Thanks to the introduction of the ROS2Learn framework and gym-gazebo2 toolkit, the transfer of a learned policy from simulation to a robot has become easier. As shown in the video, we can replicate the behavior demonstrated in simulation accurately using a real robot.

Fig 1. Final result of execution of the trained Neural Network on the simulated MARA and the real MARA. We can notice that the final goal is achieved very accurately in both cases thanks to our approach.

ROS2Learn is a framework that uses the traditional tools in the robotics environment to train policies for reinforcement learning agents. Those tools are Gazebo, which takes care of the simulation of the robot; and ROS2, which controls the movement of the robot.

Fig 2. Training in simulation through ROS2

Using this approach simplifies the process of building modular robots and the transfer from the learned policies to the real robots. ROS2Learn also includes a baseline implementation of the most common DRL techniques for policy iteration methods, including Proximal Policy Optimization (PPO), Trust Region Policy Optimization (TRPO) or Actor-Critic Kronecker-Factored Trust Region (ACKTR).
gym-gazebo2 module takes care of creating the robot simulation environment, which in our case is the Modular Articulated Robotic Arm MARA.

MARA is the first robotic arm which runs ROS2 on each joint, with industrial-grade features such as time synchronization or deterministic communication latencies. In order to ease the training process we code it in a way that is compliant with OpenAI’s Gym.

Fig 3. On the left MARA start position in the real hardware. On the right, MARA start position in Gazebo Simulator. 

We trained a MultiLayer Perceptron (MLP) with 2 layers of 16 neurons. This network, given the current joint state, the velocity of the joints and the distance to the target; outputs what action to perform to bring the end-effector of the MARA to the desired position. To reach a fixed target point consistently took around 6 hours of training in a single machine. As a training algorithm we used PPO, which we have previously tuned for this environment.

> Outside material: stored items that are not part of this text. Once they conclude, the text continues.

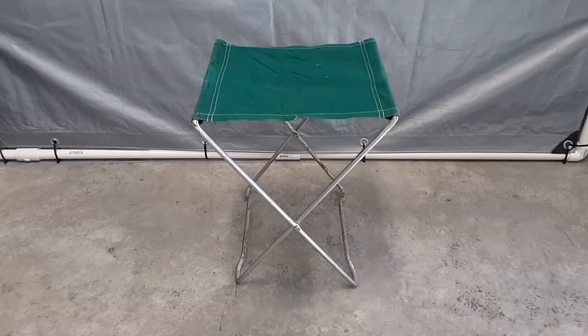This is the collapsible camp stool that I found at the dump, and the frame is made from hardened 3/8 inch diameter aluminum. So the first thing I'm going to do is remove the fabric seat section.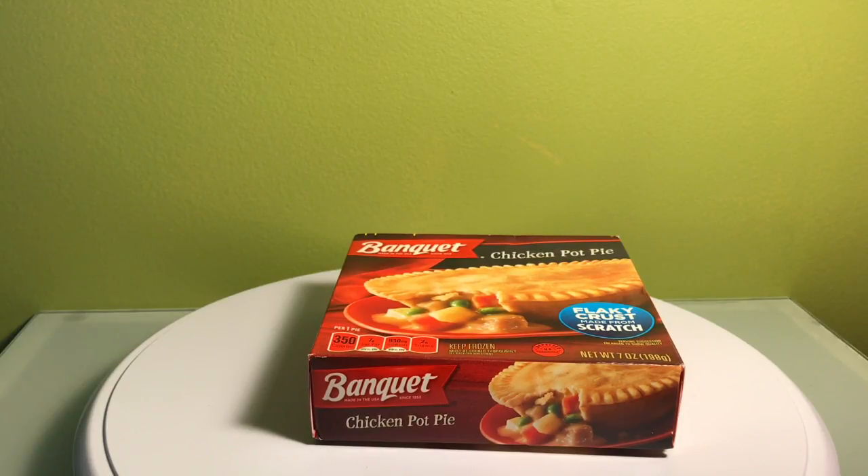If you've never had a Banquet frozen meal, they tend to be a little more on the cheaper, more affordable side — so it's kind of what you expect with Banquet. Pretty good overall, though. I'm going to give this a try. I've already had the Chicken Pot Pie plenty of times, but I'm still going to review it fresh right now.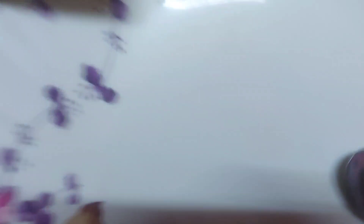When it is cooked, it will be soft. Transfer it to a plate, add some lemon on top, and mix it up. It looks good!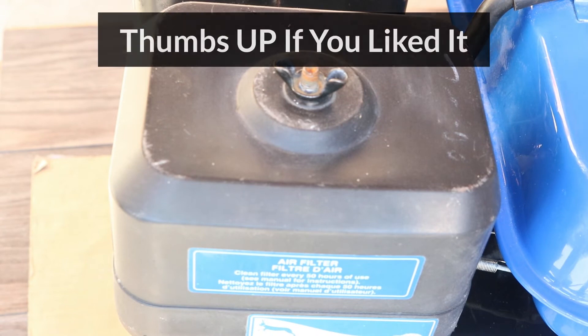If you found this video useful, please make sure to give it a thumbs up and consider subscribing to my channel. I'll be posting more videos in the future. Thanks for watching, see you soon.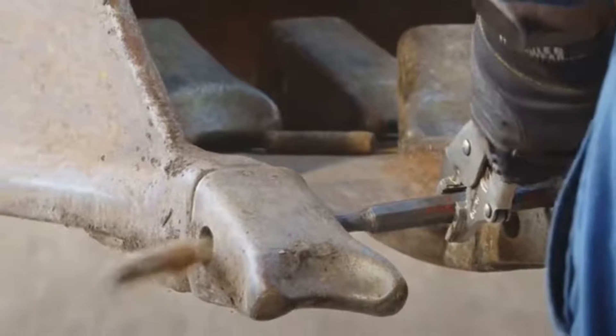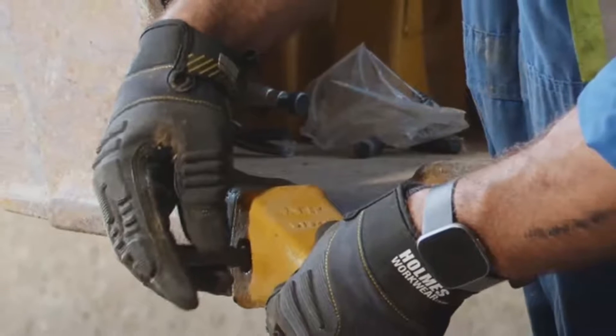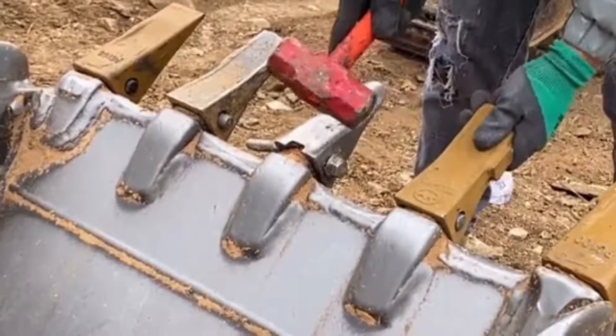Step two: remove the old tooth. Using the hole punch, strike the pin firmly until it begins to move. This may require some force. Once the pin is loose, carefully remove the old tooth by pulling it away from the bucket.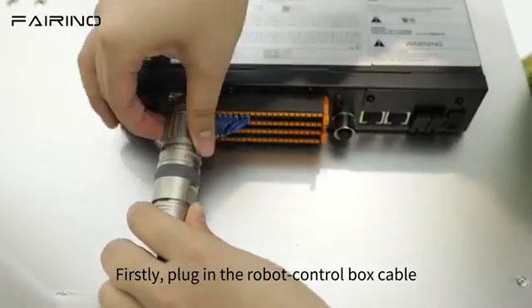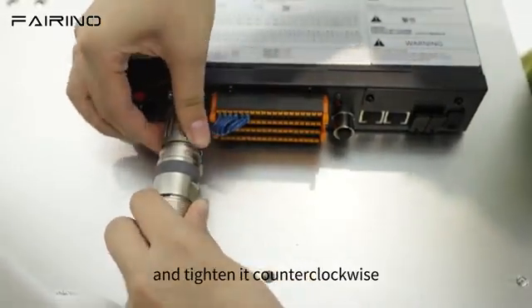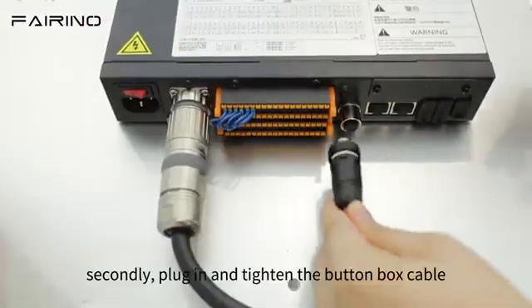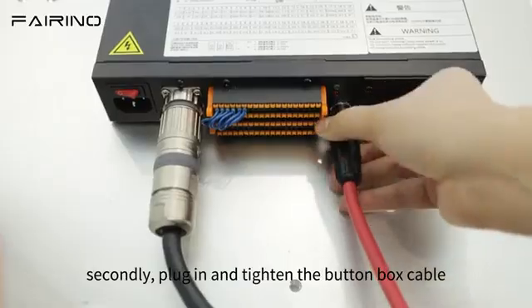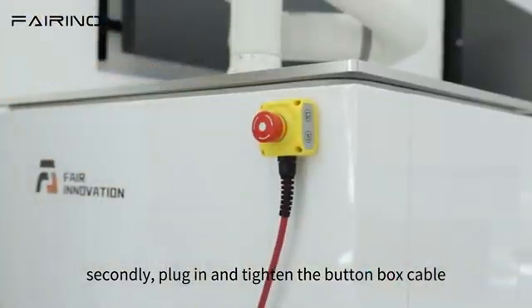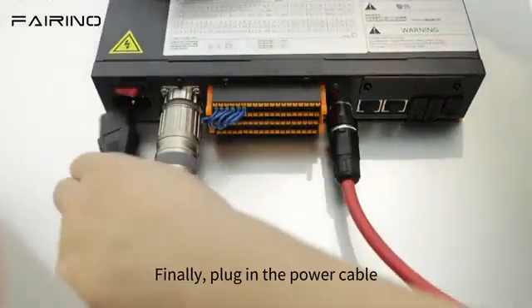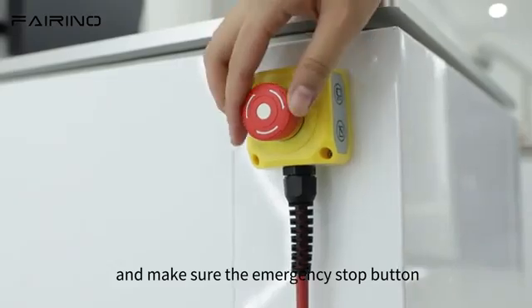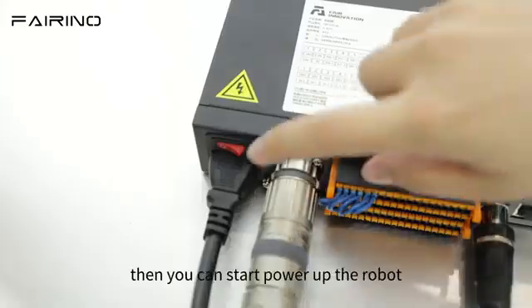Firstly, plug in the robot control box cable and tighten it counterclockwise. Secondly, plug in and tighten the button box cable. Finally, plug in the power cable and make sure the emergency stop button on the button box is released.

With these settings, we have achieved a network that is able to control the robotic arm with high precision in simulation, and thanks to the tools used for the training, also in the real MARA with the same degree of precision. It is worth mentioning that we used a specific driver for training, that speeds up the simulation time, allowing us to gather more experience in less time. This is particularly useful for experience intensive on-policy algorithms like PPO. It is also remarkable that, even using two different drivers for training and executing, both show the same behavior, supporting our approach. More information regarding the drivers can be found in the following article. Thanks to this similarity between drivers, via ROS2Learn and gym-gazebo2 we can easily transfer the learned policy onto the real robot without the need to develop any additional layers for data transfer between Neural Networks (NN) and the robot.

This is a step forward in our vision of seeing AI techniques used in robotics control at industrial level. These techniques make fast computations compared to more classical methods, allowing to have a more efficient control. The next step we plan to explore is how to achieve adaptive control using RL methods which will allow us to apply NN in industrial test cases which require high level of accuracy and adaptability. We also plan to combine these achievements with a vision system to expand the capabilities of our MARA. We envision that the combination of adaptive control and computer vision will pave the way towards bringing these methods from research concepts to common industrial practice for robot control and manipulation.